Heterogeneous graph representation learning HGRL aims to project nodes in a HIN into a low-dimensional vector space while preserving the heterogeneous node attributes and edges. A recent survey presents a comprehensive overview of HGRL (Dong et al. 2020), covering shallow heterogeneous network embedding methods (Dong et al. 2017; Fu et al. 2017; Fan et al. 2018), and heterogeneous GNN-based approaches that are empowered by rather complex deep encoders (Meng et al. 2015; Schlichtkrull et al. 2019; Zhang et al. 2019; Wang et al. 2019; Fu et al. 2020; Hu et al. 2020; Zheng et al. 2021). The “shallow” methods are characterised as an embedding lookup table, meaning that they directly encode each node in the network as a vector, and this embedding table is the parameter to be optimised. However, they cannot utilise the node attributes and do not support the end-to-end training strategy. On the other hand, inspired by the recent outstanding performance of GNN models, some studies have attempted to extend GNNs for HINs. R-GCNs (Schlichtkrull et al. 2019) keep a distinct linear projection weight for each relation type. HetGNN (Zhang et al. 2019) adopts different recurrent neural networks for different node types to incorporate multi-modal attributes. HAN (Wang et al. 2019) extends GAT (Velickovic et al. 2018) by maintaining weights for different meta-path-defined edges. MAGNN (Fu et al. 2020) defines meta-path instance encoders, which are used to extract the structural and semantic information ingrained in the meta-path instances. However, all of these models require manual effort and domain expertise to define meta-paths in order to capture the semantics underlying the given heterogeneous graph.
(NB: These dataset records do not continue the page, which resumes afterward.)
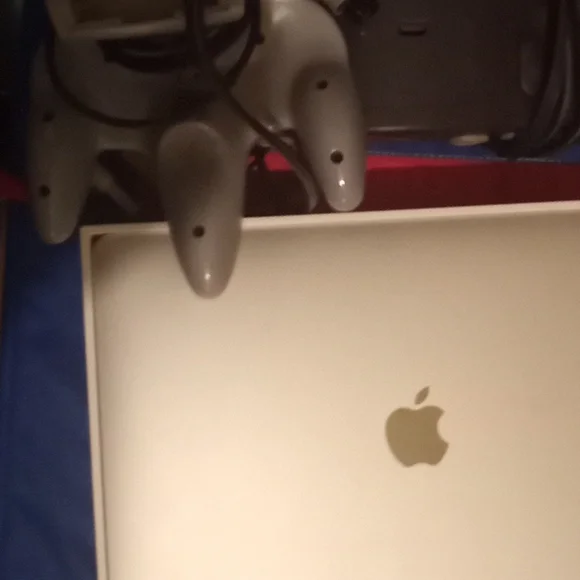 2020 Apple MacBook Air w/ M1 Chip+ Vintage Nintendo 64 w/ Controller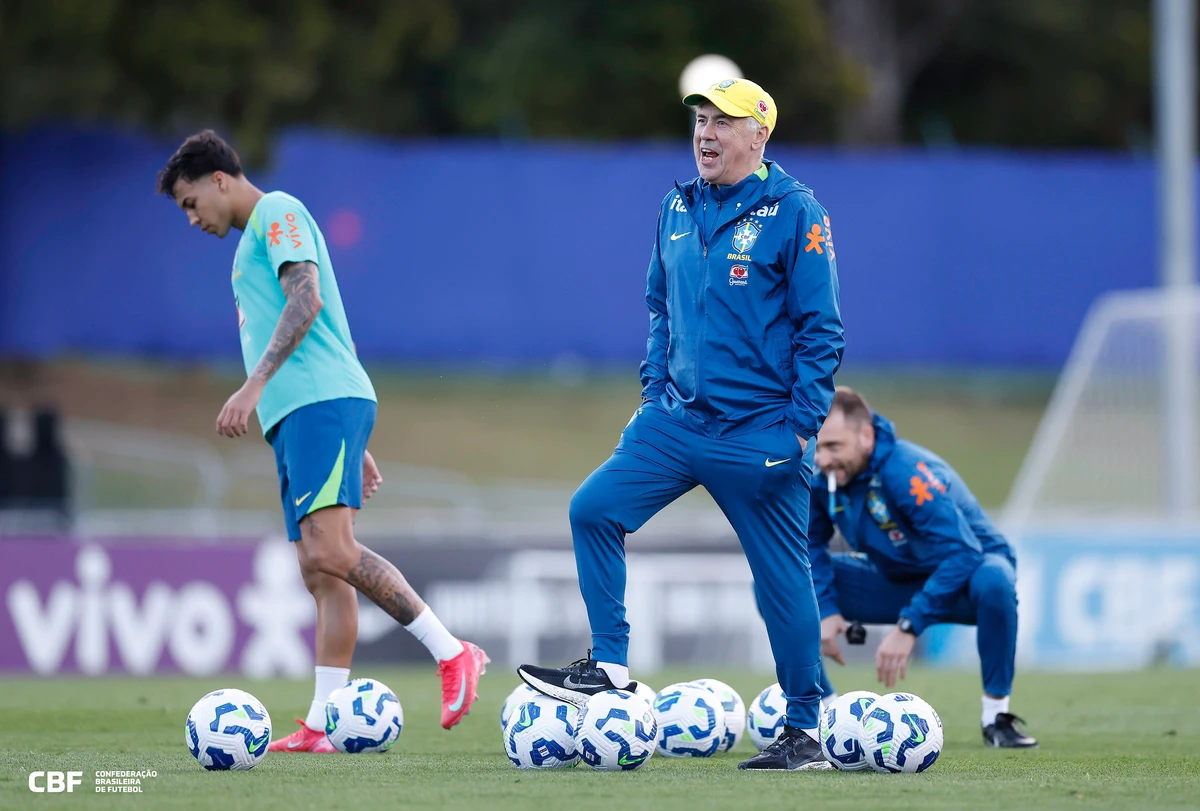 Carlo Ancelotti por Rafael Ribeiro/CBF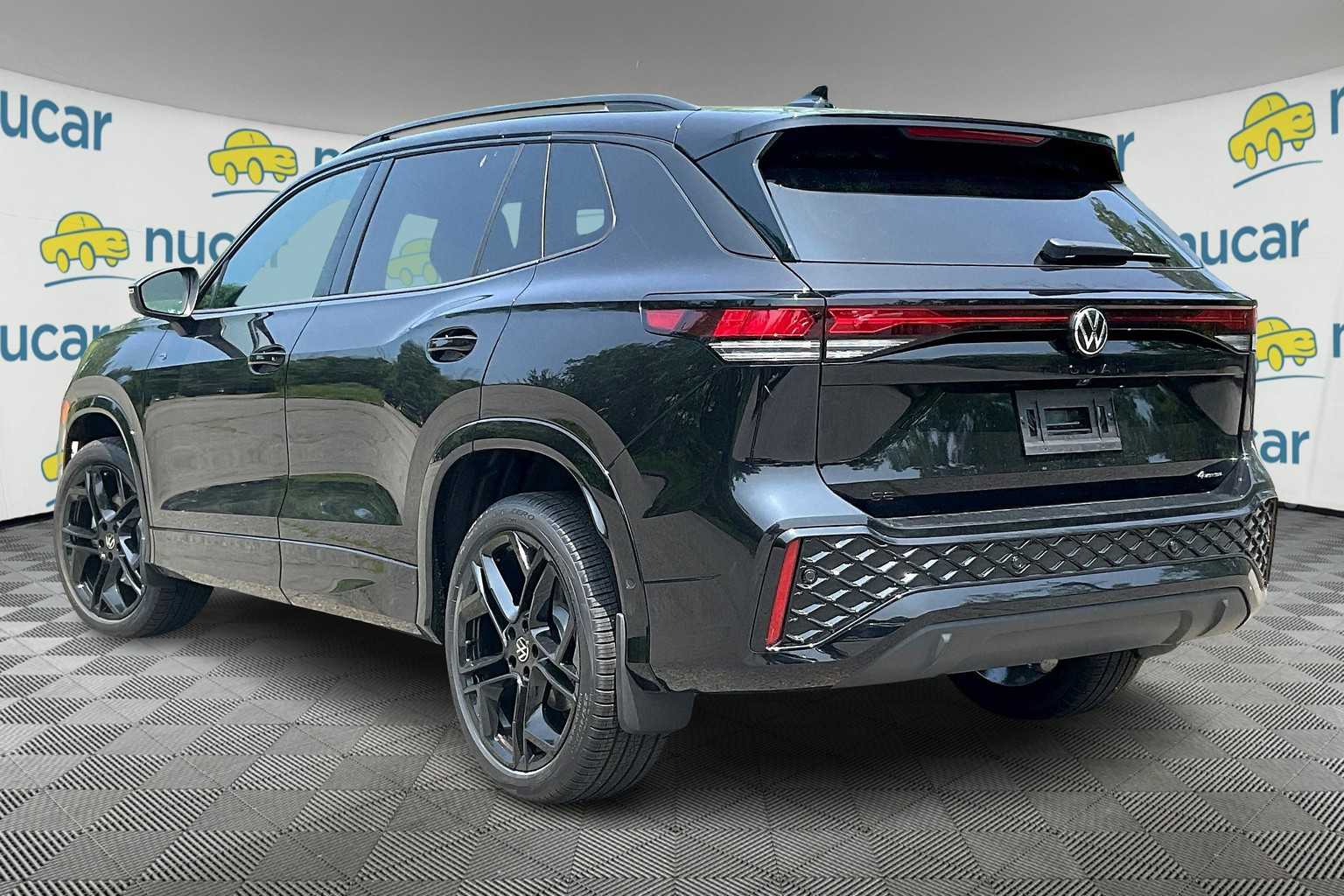 2025 Volkswagen Tiguan SE R-Line Black - Photo 5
A recent model, HGT (Hu et al. 2020), attempts to avoid the dependency on hand-crafted meta-paths by devising transferable relation scores, but the number of layers limits its exploration range, and it introduces a large number of additional parameters to optimise. GTN Yun et al. (2019) selects meta-paths from a group of adjacency matrices with learnable weights. The weights are shared among all nodes and are thus not flexible to generate node-specific meta-paths for each individual node. In addition, FSPG Meng et al. (2015), AutoPath Yang et al. (2018) and MPDRL Wan et al. (2020) attempt to employ RL technologies to discover paths between pairs of nodes and further learn node representations for predicting the possibility of the existing edges between node pairs. They assume the founded paths explicitly represent the similarity between two nodes. However, they can only identify meta-paths that describe two nodes’ similarities instead of generating meta-path for individual nodes to learn their representations for node-wise tasks. Moreover, some work (Tanon et al. 2018; Ahmadi et al. 2020) concerns the discovery of frequent patterns in a HIN and the subsequent transformation of these patterns into rules, aka rule mining. But the found patterns are not designed for specific tasks or nodes. Consequently, we believe it is necessary and essential to developing a new HGRL framework that can support the adaptive generation of personalised meta-paths for each node in HIN for node-wise tasks.

Discussion Table 8 summarises the key advantages of PM-HGNN and compares it with a number of recent state-of-the-art methods. PM-HGNN is the first HGRL model that can adaptively generate personalised meta-paths for each individual node to support node-wise tasks and maintain the end-to-end training mechanism.

3 Preliminaries

3.1 Problem Statement

Definition 1

(Heterogeneous information network): A HIN is defined as a directed graph \(G=(V, E, N, R)\), associated with a node type mapping function \(\phi : V \rightarrow N\) and a relation type mapping function \(\varphi : E \rightarrow R\), where N and R are the sets of node and edge types, respectively. Node \(v_{i}\)’s attribute vector is denoted as \(x_i \in \mathbb {R}^{\lambda }\) (with the dimensionality \(\lambda \)).

Definition 2

(Meta-path): Given a HIN G, a meta-path \(\Omega \) with length T is defined as: \(\omega _{0} \xrightarrow {r_{1}} \omega _{1} \xrightarrow {r_{1}} \dots \xrightarrow {r_{T}} \omega _{T}\), where \(\omega _{j} \in N\) denotes a certain node type, and \(r_{i} \in R\) denotes a relation type.

Definition 3

(Meta-path Instance): Given a meta-path \(\Omega \), a meta-path instance p is defined as a node sequence following the schema defined by \(\Omega \).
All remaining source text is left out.